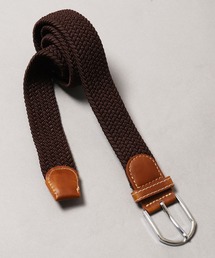 JON PUレザーストレッチメッシュベルト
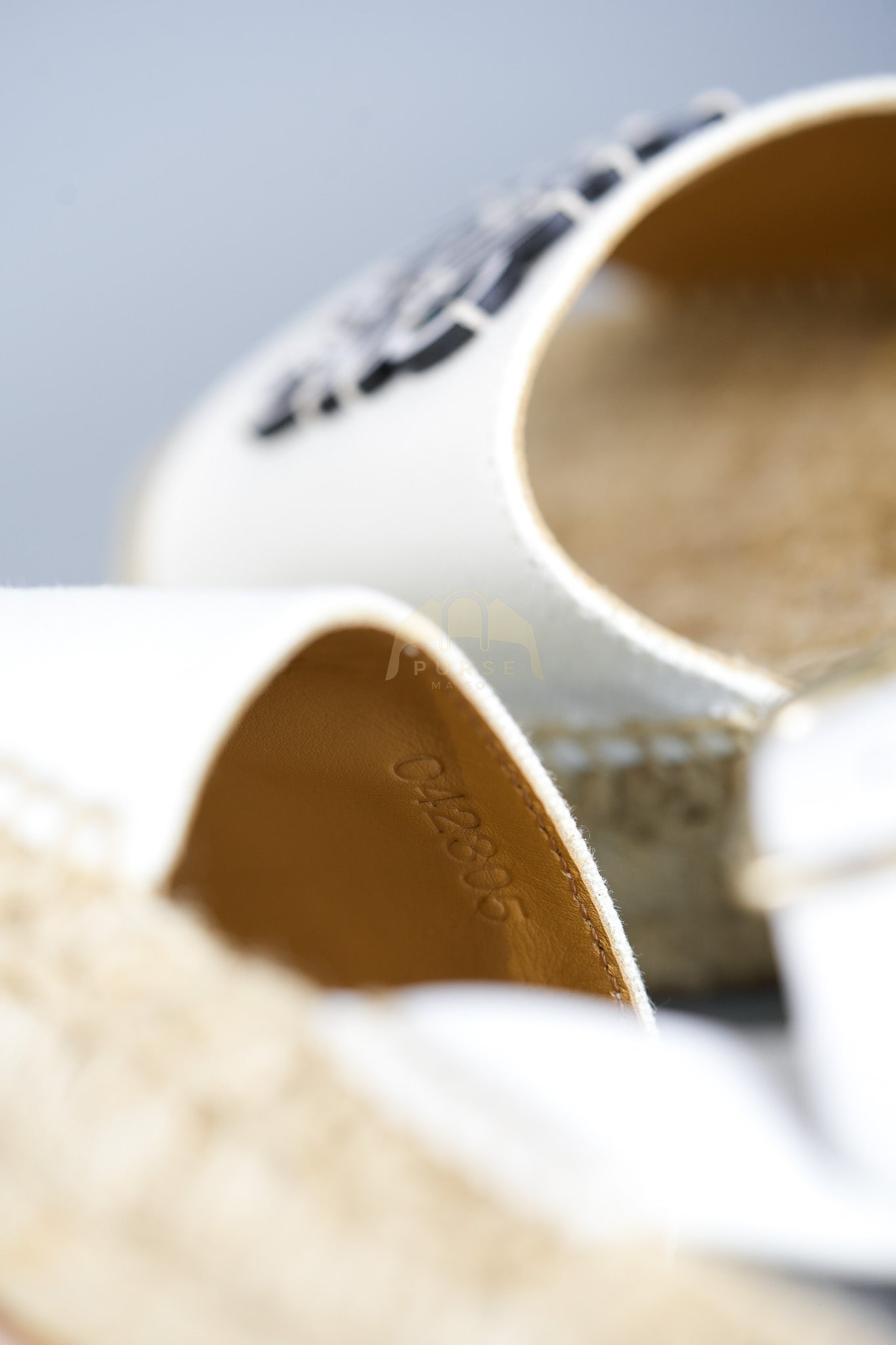 Anagram White Canvas Mule Sandals Size 37EU (24cm) | Purse Maison Luxury Bags Shop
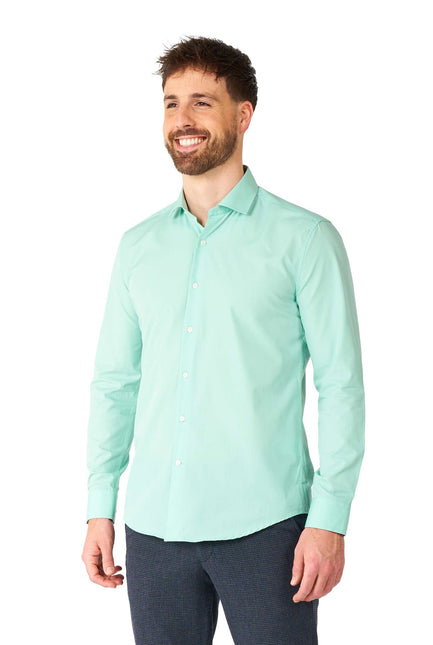 Chemise Vert Menthe Hommes <tc>OppoSuits</tc>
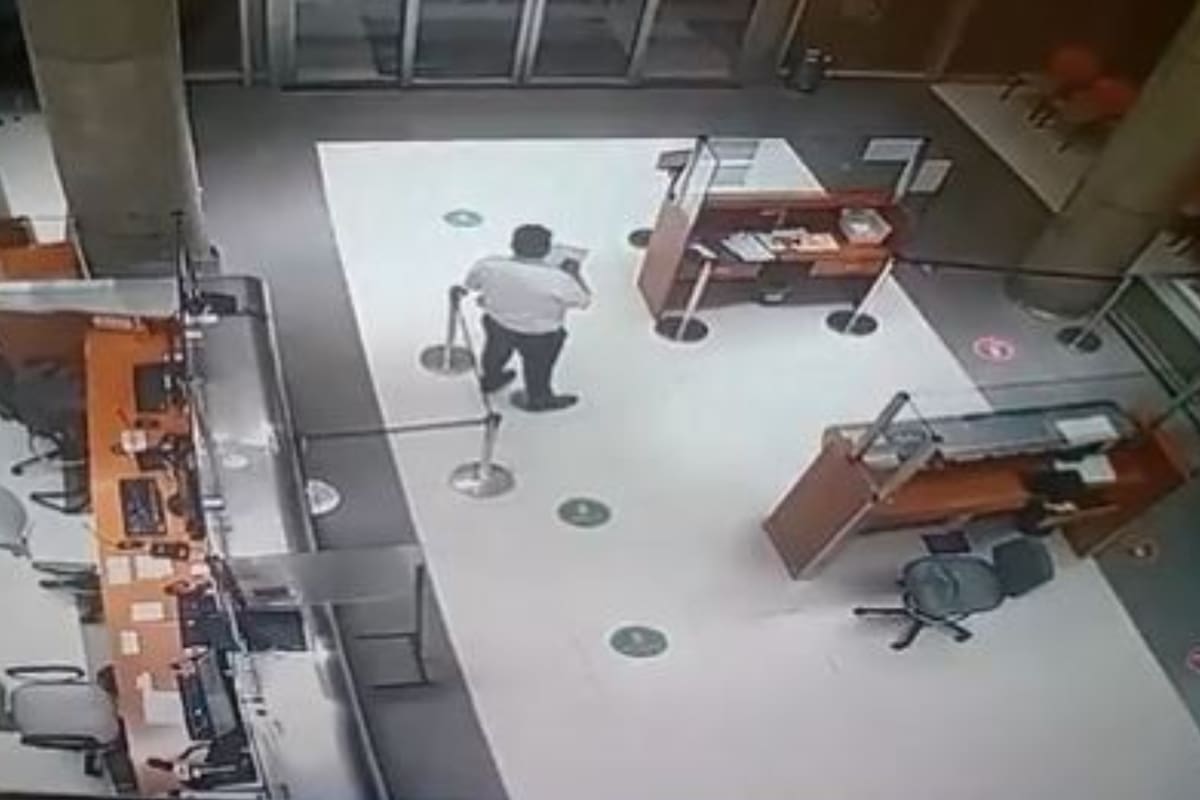 La supuesta recepción del guardia del Sanatorio Finochietto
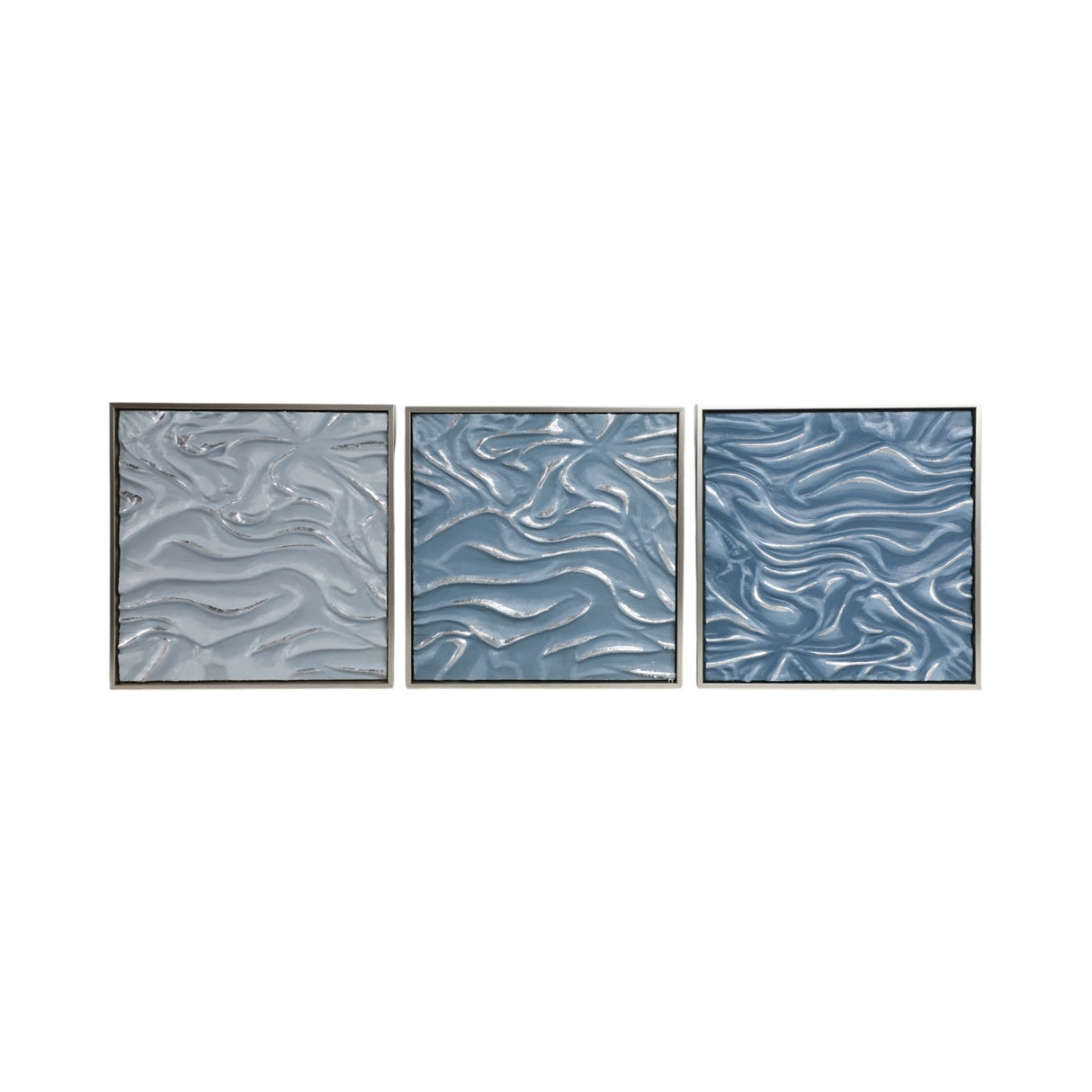 S/3 20" Augustine Blue Dimensional Wall Decor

What the exercise asks: Only the pictures in the listing above get left out; print everything else exactly.

Task answer:
 JON PUレザーストレッチメッシュベルト
 Anagram White Canvas Mule Sandals Size 37EU (24cm) | Purse Maison Luxury Bags Shop
 Chemise Vert Menthe Hommes <tc>OppoSuits</tc>
 La supuesta recepción del guardia del Sanatorio Finochietto
 S/3 20" Augustine Blue Dimensional Wall Decor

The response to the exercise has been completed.